Critères objectifs permettant de définir une classe sociale demeurent repérables.

       C- La place des catégories populaires dans la structure sociale demeure caractéristique et elles n’ont pas perdu toute conscience de classe

    • Place caractéristique dans les rapports de production : ouvriers + employés = salariat d’exécution. Peu d’autonomie, peu de prestige. Exposés au chômage et à la précarité. Rapport précaire à l’avenir. Donc intérêts communs à défendre. (Document 4)
    • Forte reproduction sociale : développer analyse en termes de capital culturel, la question de l’école.
    • Conscience de classe et mobilisation persistent. La conscience de classe n’a pas totalement disparu. Une grande partie de la population exprime toujours le sentiment d’appartenirà une classe sociale : c’est le cas de 65 % des individus interrogés en 2015 dans l’enquête TNS-Sofres. Ce chiffre a même tendance à augmenter ; il s’élevait à 61 % en 1966. (Document 3)

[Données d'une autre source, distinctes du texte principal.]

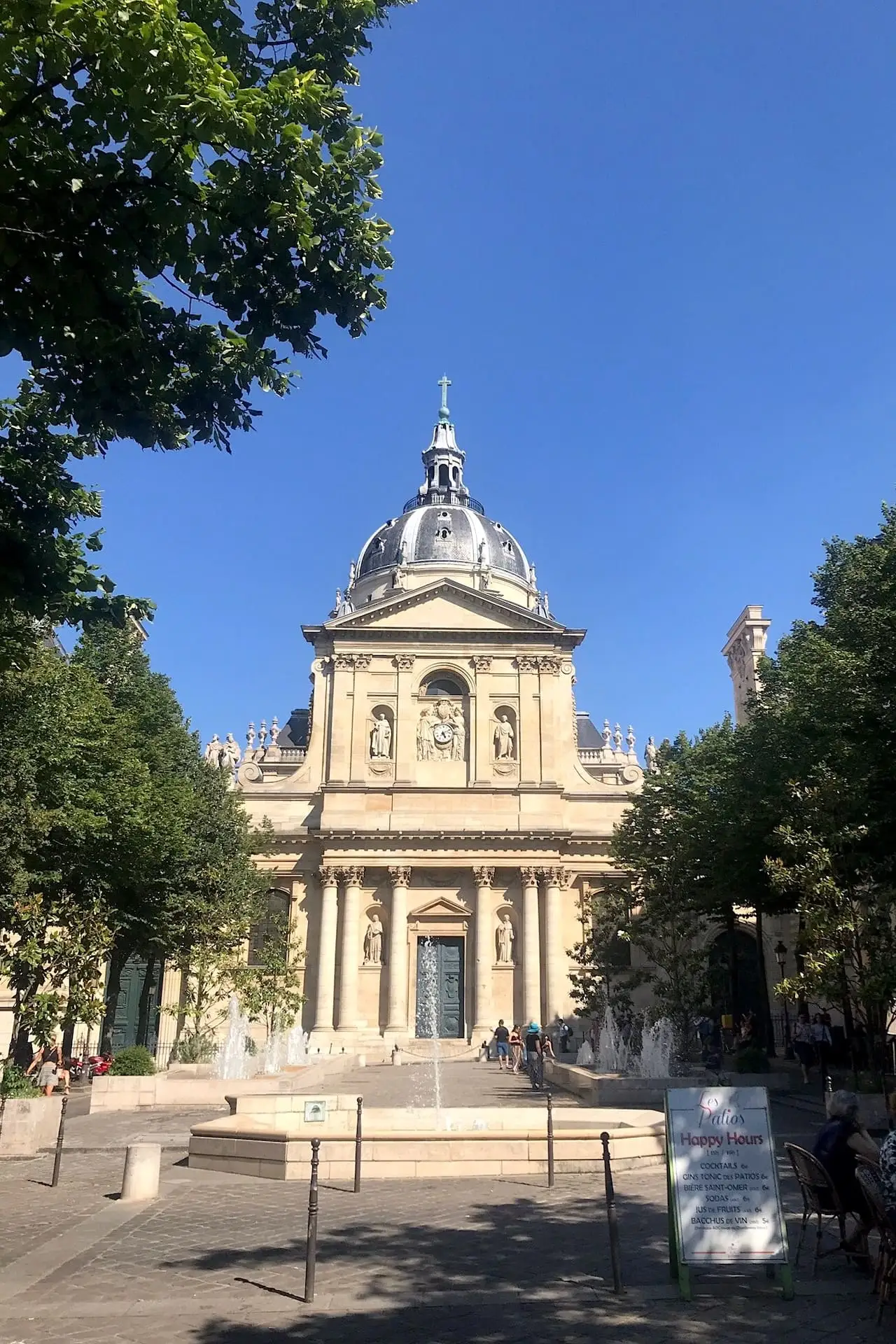 Facade of the Sorbonne in Paris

En effet, les cadres et professions intellectuelles supérieures ont en moyenne un salaire 2,4 fois supérieur à celui des ouvriers. Par ailleurs, ces inégalités économiques sont aussi sociales. En effet,

Exemple de conclusion :

Certaines évolutions depuis les Trente glorieuses – moyennisation, nouveaux critères de différenciation, affaiblissement de la conscience de classe et des mobilisations – ont pu laisser penser que l’analyse en termes de classes sociales n’était plus pertinente pour étudier la structure sociale. Mais la persistance d’inégalités cumulatives – voire leur creusement depuis une trentaine d’années – ainsi que la reproduction sociale permettent de mettre en évidence l’existence d’une hiérarchie entre groupes sociaux. Il existe donc toujours des critères objectifs permettant de repérer des classes en soi à partir d’une même place dans les rapports de production (K. Marx), par le fait que leurs membres partagent une situation économique et des chances de vie communes (M. Weber) ou par une même place dans l’espace social (P. Bourdieu). Par ailleurs, les membres de la bourgeoisie continuent d’avoir une réelle conscience de leurs intérêts communs et savent se mobiliser pour les défendre : ils forment donc une classe pour soi au sens de K. Marx, c’est-à-dire une classe mobilisée qui agit comme un acteur collectif. Cependant, ce recul de la dimension politique des classes sociales n’est-il qu’une parenthèse ? D’après L. Chauvel, la situation actuelle se caractérise par une aggravation des inégalités qui pourrait déboucher vers un renouveau des « identités de classe », donc d’une conscience de classe partagée par tous les perdants du système économique et social actuel.